U.S. commercial paper issuance, including the troubled asset-backed sector, rose for the first time in a month in a sign of progress in an otherwise bleak outlook for credit and the economy, new data released on Thursday showed.
A key mechanism for companies' short-term cash needs, total commercial paper outstanding rose $23.6 billion in the week ended Feb. 27, having fallen nearly $40 billion in the preceding three weeks, according to the Federal Reserve.
Asset-backed issuance rose for the first time in five weeks, by $7.6 billion. The sector had lost about a third of its value in a few months because of its association with the tarnished subprime real estate market.
The credit crisis began in housing and then spread to the billions of dollars in bonds and derivative assets backed by mortgages.

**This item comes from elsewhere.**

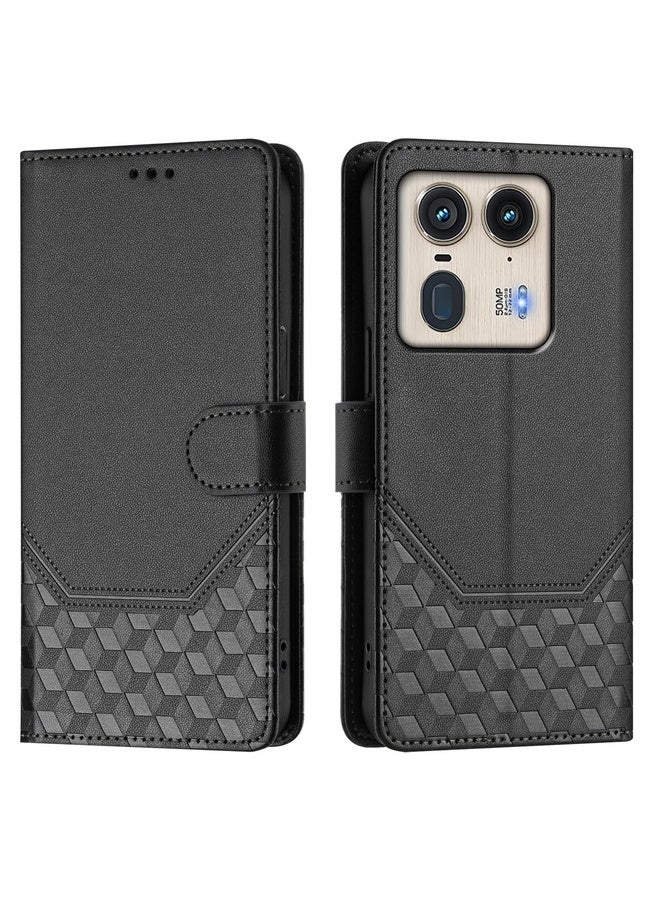 HuHa Case Cover For Motorola Edge 50 Ultra / X50 Ultra Honeycomb Embossing RFID Leather Phone Case(Black) - Image 2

This has contributed to a considerable slowing in economic activity that has spurred aggressive interest rate cuts from the Federal Reserve and a stimulus package of more than $150 billion from the federal government.
Analysts said the recovery in commercial paper was too modest to represent a significant improvement in lending conditions. There is some evidence that the Fed's efforts to dump massive liquidity into the financial system has had some positive effects.
But this impact has been dwarfed by the breadth of losses experienced by financial institutions, which so far add up to well over $100 billion and by many estimates could be more than triple that number when all is said and done.